Resolved? My heart disputed. My grandmother had stopped communicating. A stoic upbringing insisted I accept that people died and suffered illnesses. The living shouldered their responsibilities and got on with things. I didn’t fail. I quit for a higher purpose, taking responsibility for my grandmother, my time surely better spent caring for family.

The dreams started immediately—repetitive, haunting scenarios of that last project at the office—the deadline approached and I wouldn’t be ready, endless squiggling lines of doodles heading nowhere, and yes, even occasionally that old standby of being naked and vulnerable at my desk.

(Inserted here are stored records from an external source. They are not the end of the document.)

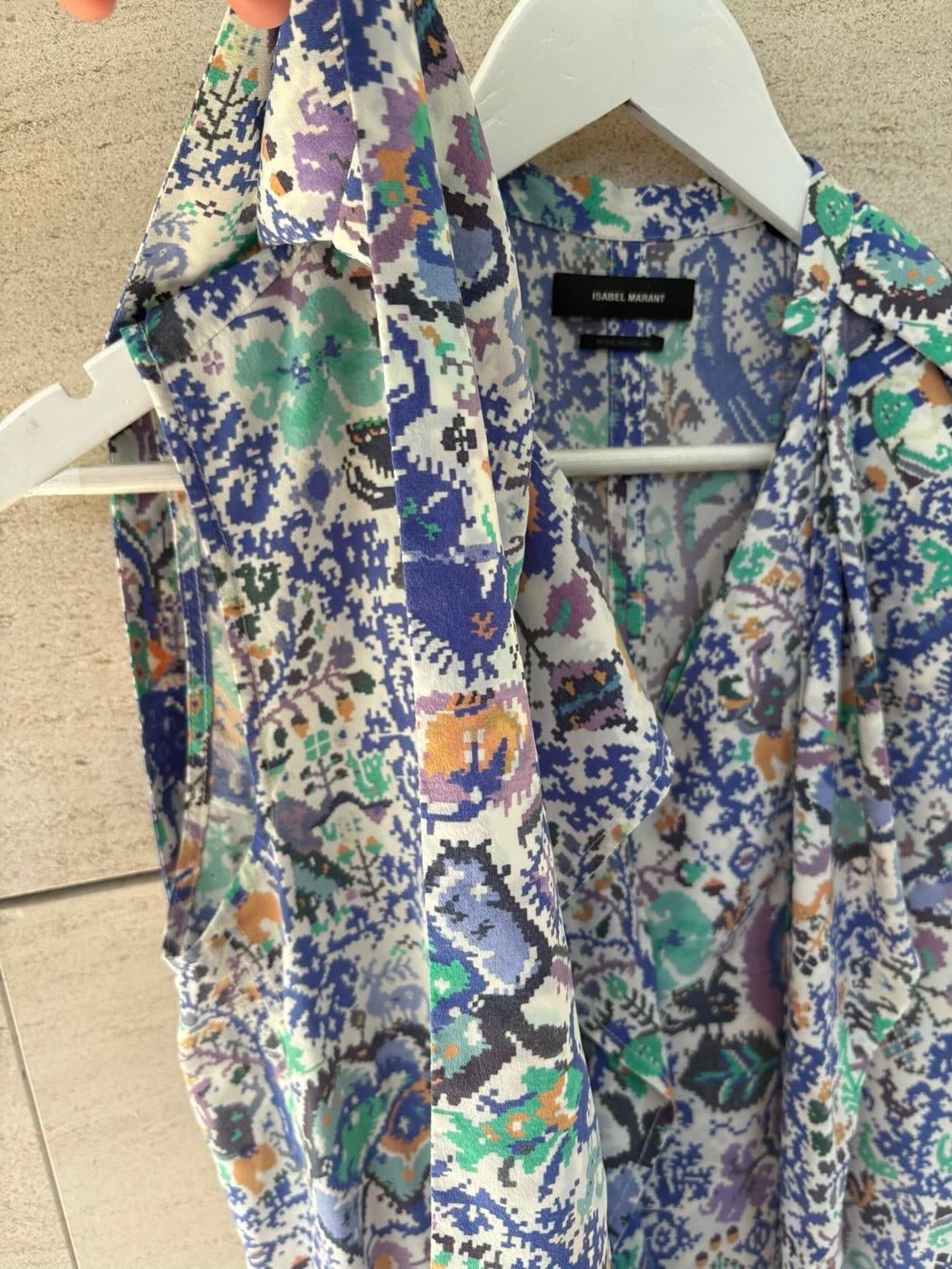 ISABEL MARANT. Blusa seda estampada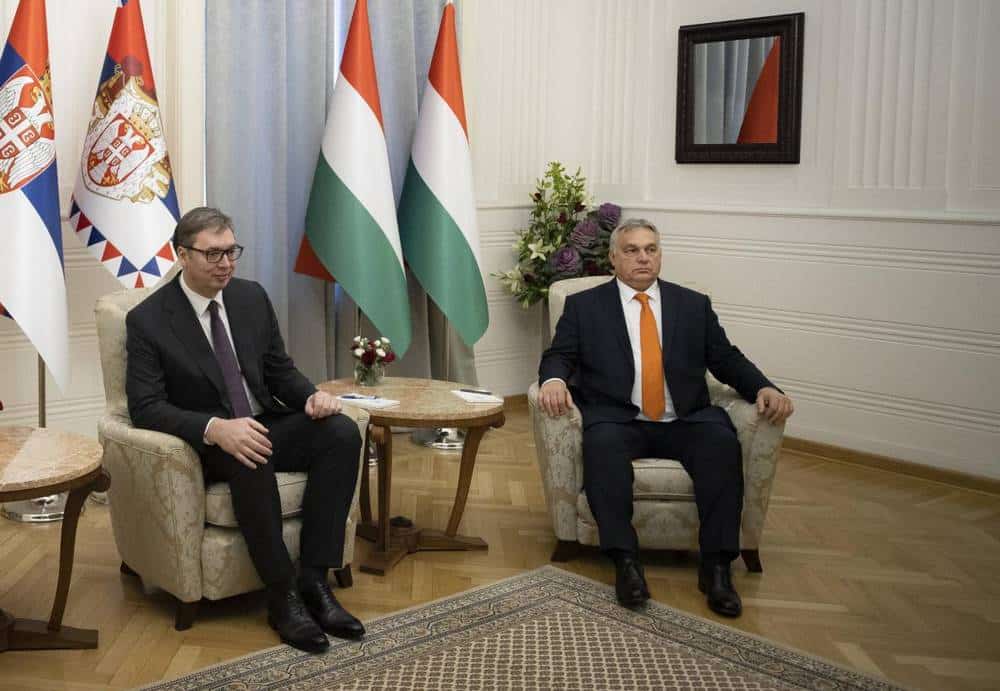 Vucic és Orbán. Fotó: archív / Fotó: Miniszterelnöki Sajtóiroda/Benko Vivien Cher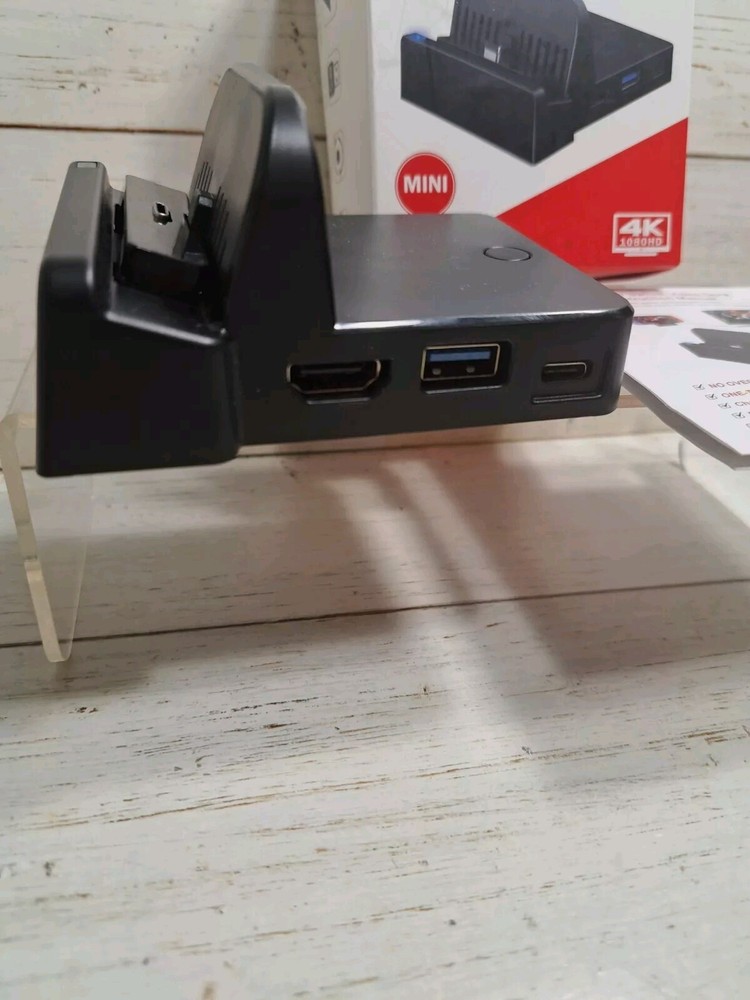 Docking Station for Switch Portable Charging Stand and HDMI Adapter with...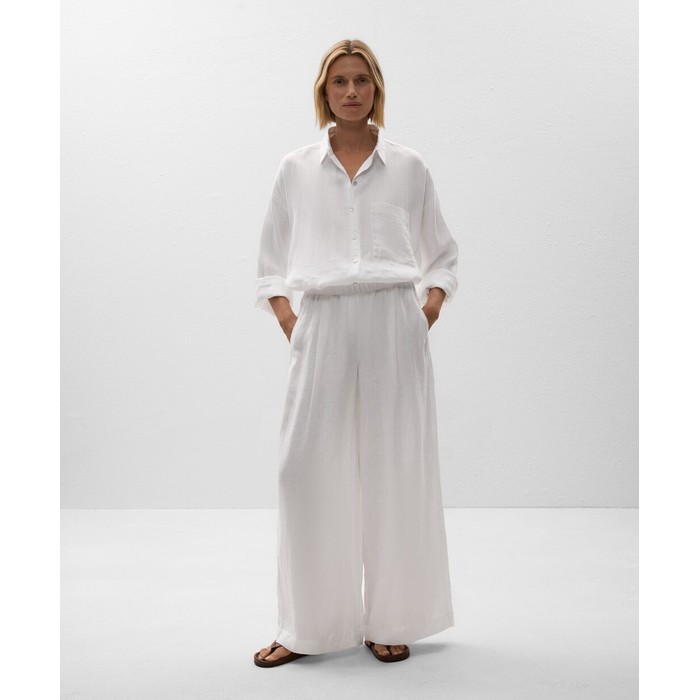 широкие брюки из 100%-го льна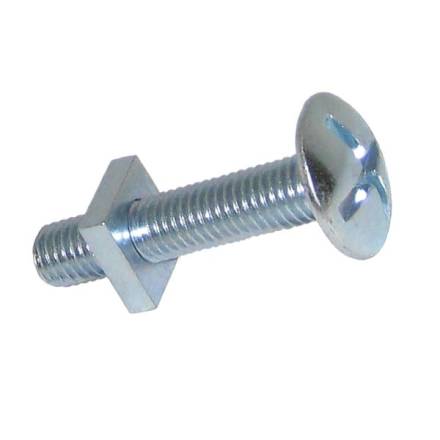 Roof Bolt and Nut M6 x 12mm (Pack of 150)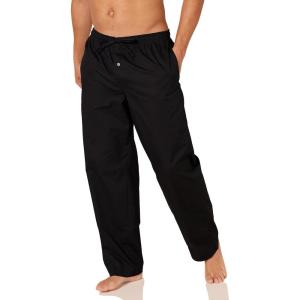imageAmazon Essentials Mens StraightFit Woven Pajama Pant with PocketsBlack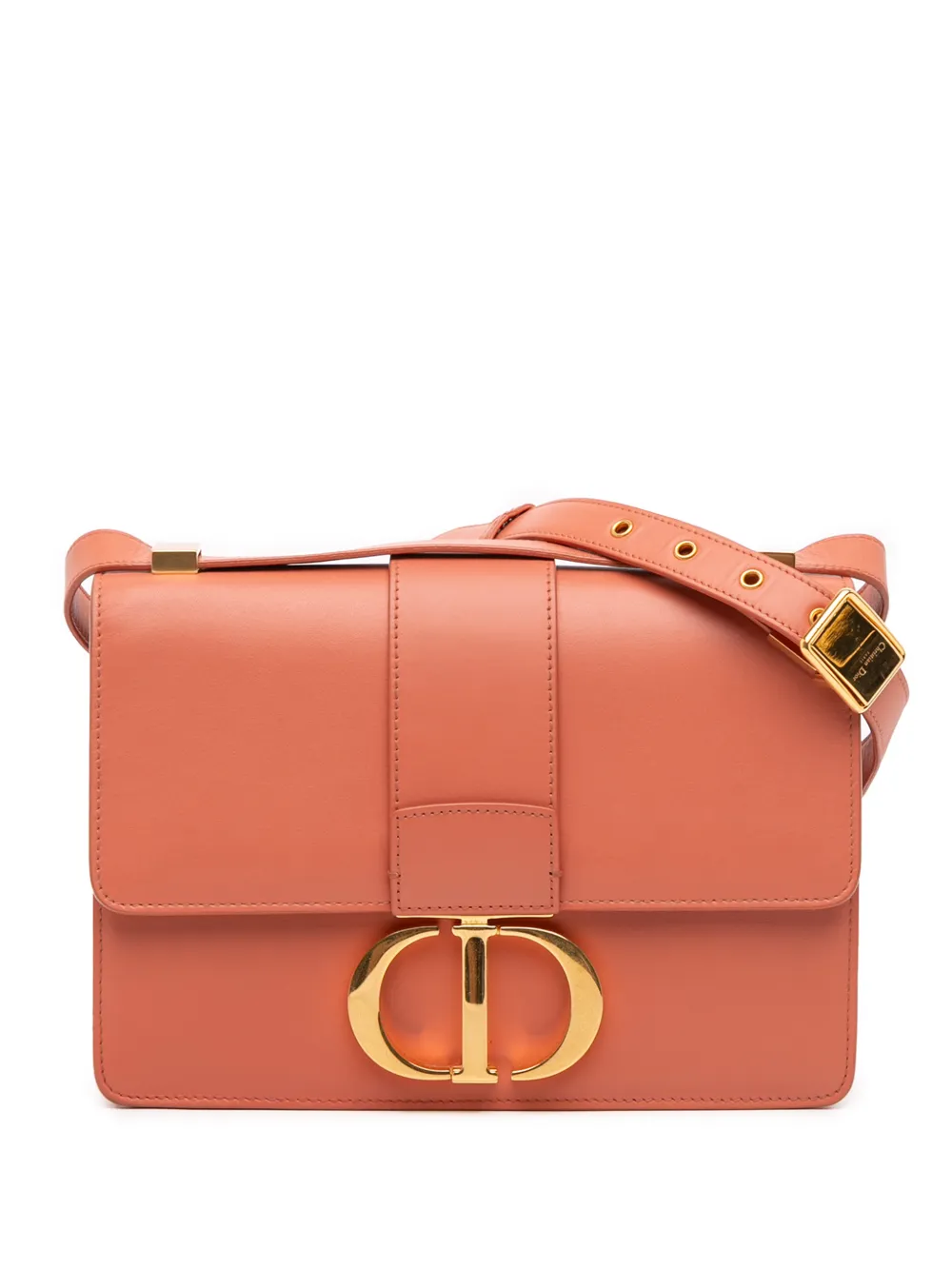 Christian Dior Pre-Owned 2019 Leather 30 Montaigne Flap crossbody bag - Arancione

Living on savings, I assured myself chances of getting another job would increase at the beginning of the next year after Grandma had time to recuperate, in reality, terrified of putting  myself back out there and in denial about my grandmother’s prognosis. She died quietly two months after her attack, three months after Grandpa. At the time, I would have sworn it had been at least six.

What I’m Reading

I finished the Writer’s Digest Grammar Desk Reference. Way too much information to take in at one reading, though the writing style deliberately aims at helping the reader to retain it. I’m going back to another draft of my novel The Devoted of Imshalel this week with all these probable corrections I need to make buzzing in my head. Good thing I enjoy revising. Some of what I’ve learned is obvious when comparing earlier posts to more recent ones.